[Start of section]
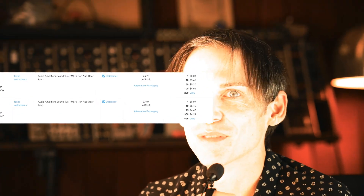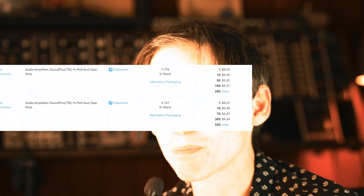What if I, like, way overdid it? Instead of spending 75 cents on some 353s, what if I spend seven dollars on the craziest, lowest noise, audiophile, high-spec op-amp you can get? So I did a little digging in these weird audiophile forums and I settled on the OPA2134.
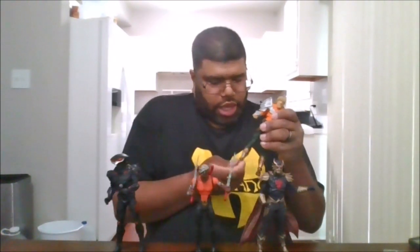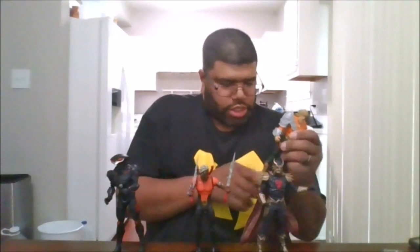I definitely do recommend getting Aqualad. I got lucky and found him at one of my Walmarts. Please drop a like, comment down below, share the video across all social media platforms, and please subscribe to my channel and click that notification bell to be notified when I upload new videos. This is MKFan49 signing out.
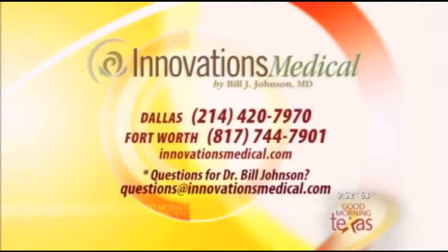Thanks so much for being here today. If we want results like this, we have to just give you a call. Log on to innovationsmedical.com, or the phone number in Dallas is 214-420-7970. And in Fort Worth, call 817-744-7901 for a consultation. And as always, if you have a question for Dr. Bill Johnson, just drop him an email at questions@innovationsmedical.com.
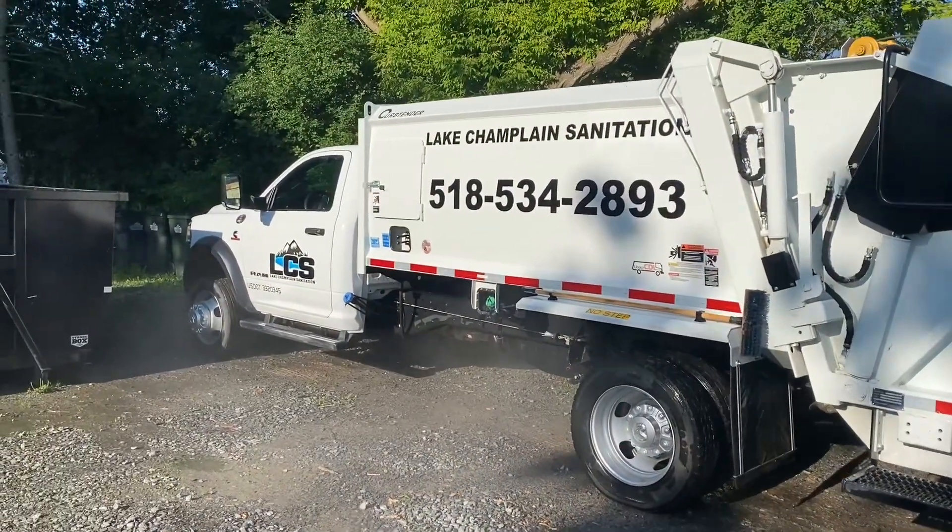What is up guys, Heathford Lake Champlain Sanitation here. Today we're going to talk about how we maintain our 2021 Ram 5500 compactor truck. For any of you guys out there hauling trash like we did when we started out with either a dump trailer or an open truck, we're going to go through the maintenance we do on a week-to-week basis and what we need to do every couple months to keep this truck in tip-top shape.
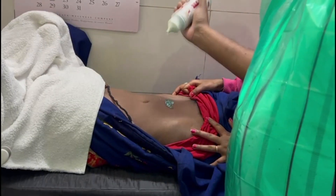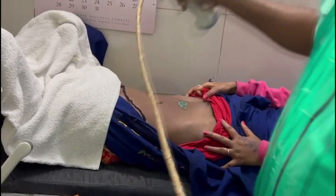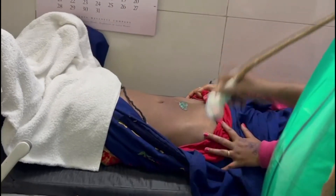I guess it will be a very small baby. I am putting the gel over the lower abdomen and I am placing the probe over the lower abdomen.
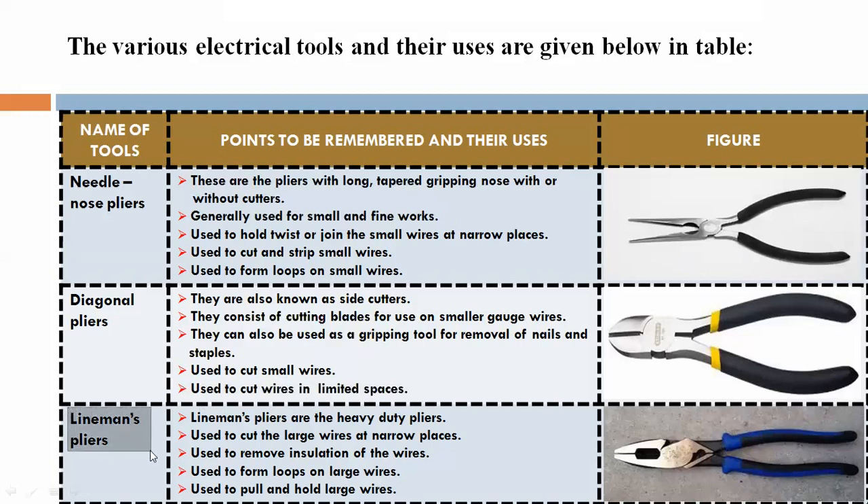Lineman's pliers are the heavy-duty pliers. Used to cut large wire at narrow spaces. Used to remove insulation of wires, form loops on large wires, and pull and hold large wires.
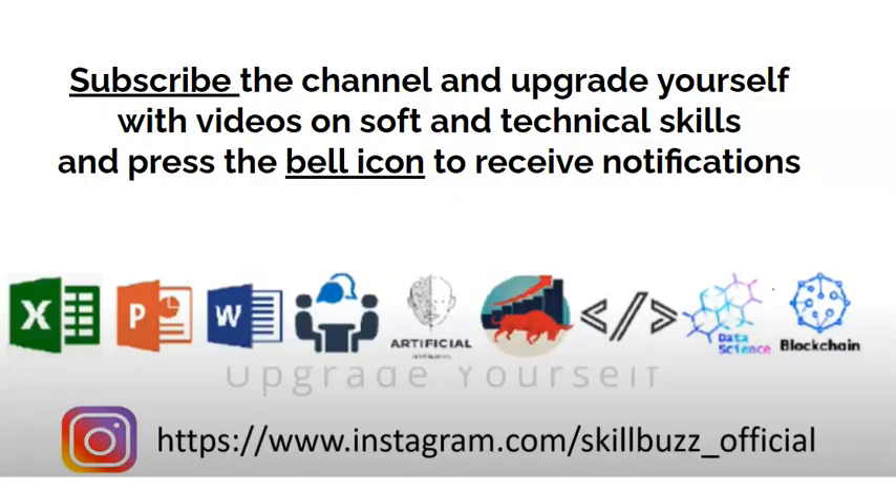Subscribe to our channel and please press the bell icon ताकि आने वाले टाइम में जो भी videos हम लोग upload करें, उसके बारे में आपको direct notification मिल जाए। We also have an Instagram channel by the name of Skillbiz Official, जहाँ पे जाके आपको daily basis में important facts and valuable information मिलेगी। So do follow it as well.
[End of section]
The output should consist of the records above, reproduced exactly, without pictures.

What if I, like, way overdid it? Instead of spending 75 cents on some 353s, what if I spend seven dollars on the craziest, lowest noise, audiophile, high-spec op-amp you can get? So I did a little digging in these weird audiophile forums and I settled on the OPA2134.
I definitely do recommend getting Aqualad. I got lucky and found him at one of my Walmarts. Please drop a like, comment down below, share the video across all social media platforms, and please subscribe to my channel and click that notification bell to be notified when I upload new videos. This is MKFan49 signing out.
Thanks so much for being here today. If we want results like this, we have to just give you a call. Log on to innovationsmedical.com, or the phone number in Dallas is 214-420-7970. And in Fort Worth, call 817-744-7901 for a consultation. And as always, if you have a question for Dr. Bill Johnson, just drop him an email at questions@innovationsmedical.com.
What is up guys, Heathford Lake Champlain Sanitation here. Today we're going to talk about how we maintain our 2021 Ram 5500 compactor truck. For any of you guys out there hauling trash like we did when we started out with either a dump trailer or an open truck, we're going to go through the maintenance we do on a week-to-week basis and what we need to do every couple months to keep this truck in tip-top shape.
I guess it will be a very small baby. I am putting the gel over the lower abdomen and I am placing the probe over the lower abdomen.
Lineman's pliers are the heavy-duty pliers. Used to cut large wire at narrow spaces. Used to remove insulation of wires, form loops on large wires, and pull and hold large wires.
Subscribe to our channel and please press the bell icon ताकि आने वाले टाइम में जो भी videos हम लोग upload करें, उसके बारे में आपको direct notification मिल जाए। We also have an Instagram channel by the name of Skillbiz Official, जहाँ पे जाके आपको daily basis में important facts and valuable information मिलेगी। So do follow it as well.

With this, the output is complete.